X-ISS Helps Provide Major Speed Boost for Water Disinfection Simulations
X-ISS worked closely with simulation software developer ANSYS Inc. to design and build an HPC cluster that completes water treatment simulations in minutes rather than the hours or days once required. X-ISS created the HPC system using seven mid-level Dell servers and InfiniBand networking equipment and then performed extensive fine tuning on the cluster resulting in a 98.9% efficiency rating.
The client is a company specializing in disinfecting water using ultraviolet light technology. They treat water destined for drinking use in municipal systems as well as making waste water safe prior to discharge into the environment. The company has thousands of UV treatment installations around the world. One impressive example is a system they developed to serve a metro area, which cleans more than two billion gallons of water per day. This $1.5 billion system is the largest UV drinking water facility in the world.
Designing and building these water treatment systems requires engineering simulations to verify that all the water flowing through a treatment device is exposed to sufficient UV light to kill bacteria and destroy contaminants. The company uses ANSYS Fluent to simulate its water treatment processes. Simulating these designs on a single workstation can take hours or even a couple of days. Company engineers needed to complete their designs faster in order to keep up with market demand for their systems. The company contracted X-ISS to design and build what became the company’s first HPC cluster.
One of the remarkable achievements for X-ISS was the sheer efficiency of the cluster. Cluster performance is measured in “FLOPS,” or floating point operations per second. In theory, the maximum a cluster can compute is found by multiplying these variables: number of processors, number of cores on each processor, GHz speed of each processor, and number of FLOPS each core can perform per cycle.
For this cluster, the theoretical maximum was 1,200 Giga FLOPS, or 1.2 trillion math calculations per second. Through proper design and tuning, the cluster achieved 1,187 GFLOPS on a Linpack cluster efficiency test. That’s 98.9% efficient. To put that number in a practical perspective, the cluster ran a sample simulation in nine seconds that previously took several minutes on the desktop computers.
“The speed of this cluster is remarkable considering it is only comprised of seven nodes,” said X-ISS President Deepak Khosla. “The cluster performs at the same speed of systems that are much larger and more expensive.”
Most clusters cannot achieve this kind of efficiency due to the sheer volume of data to be transferred in order to “feed” the cluster and gather the results. Imagine if you are a math teacher passing out 1.2 trillion math problems. Just the logistics of distribution, tracking and gathering the results would take more time and effort the than the actual computation. The cluster faces the same challenge, needing to distribute the trillions of data and gather the 1.2 trillion results. All in one second!

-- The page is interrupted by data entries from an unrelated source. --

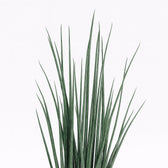 Sansevieria Mikado - 70cm, Nahaufnahme der aufrecht wachsenden Blätter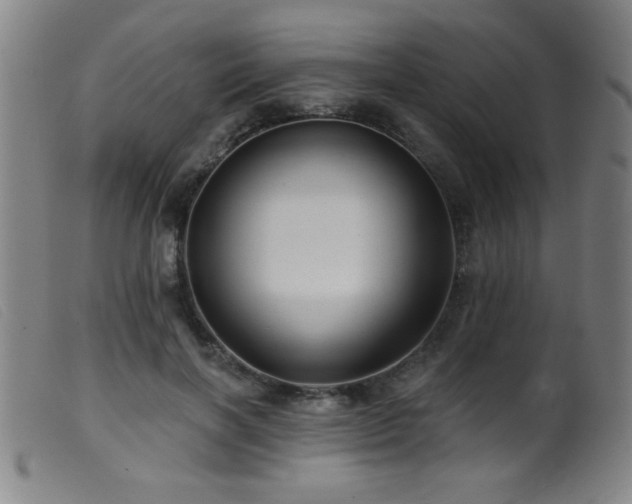 X0000099540646200805161429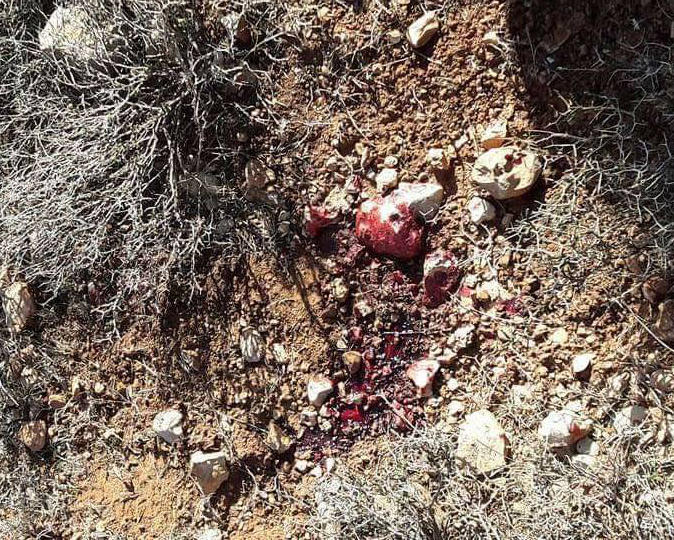 استشهاد شاب فلسطيني برصاص مستوطنين جنوب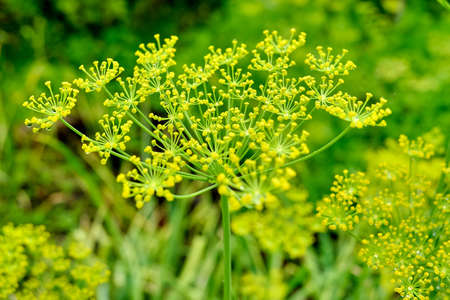 Blooming dill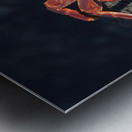 Sally Lightfoot crab Grapsus grapsus on black lava Punta Espinosa Fernandina Island Galapagos  Islands Ecuador Metal print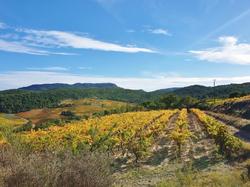  <a style='color: #fff;' href='/uploaded/photo/cave-de-seguret-617ac2b706d9e.jpg'>(Télécharger)</a>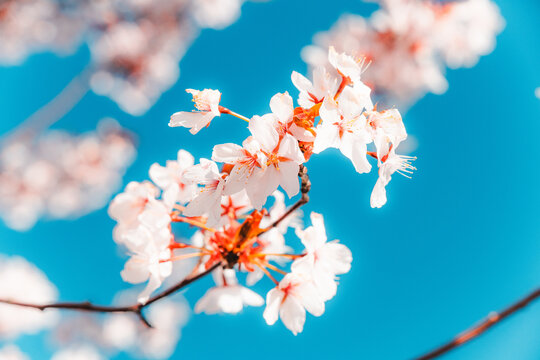 Soft pink cherry blossoms blooming in Toronto during springtime, captured in a dreamy close-up with delicate petals and pastel bokeh background.
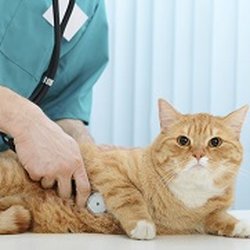 Bloomfield Animal Hospital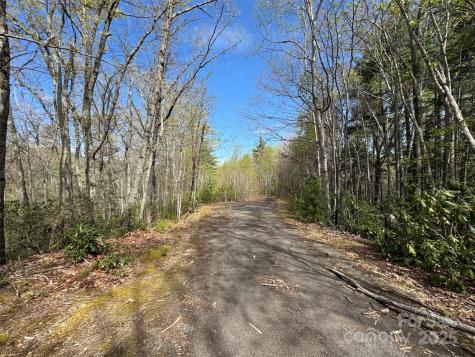 Tbd (D) Chestnut Walk Drive Waynesville NC 28786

“Key to achieving this kind of performance was the way we ordered and configured the memory in the nodes and set up the InfiniBand topology,” said Khosla. “We also ran our own custom optimization routines on the cluster to improve the way the nodes talk to each other.”
For the company’s engineers, a more practical way to measure the cluster performance is to ask how long one step or iteration of a simulation takes. The cluster was able to perform iterations for its simulations in 0.087 seconds, or nearly 12 iterations per second. Most simulations require hundreds, even thousands of iterations to “solve” a simulation. But with iteration time reduced to nearly a dozen per second, simulations requiring thousands of iterations require mere minutes to solve, not hours or days.
The company’s engineers are pleased with the cluster performance and expect to use it frequently to speed up their simulations and get their designs out in the hands of the customer much faster.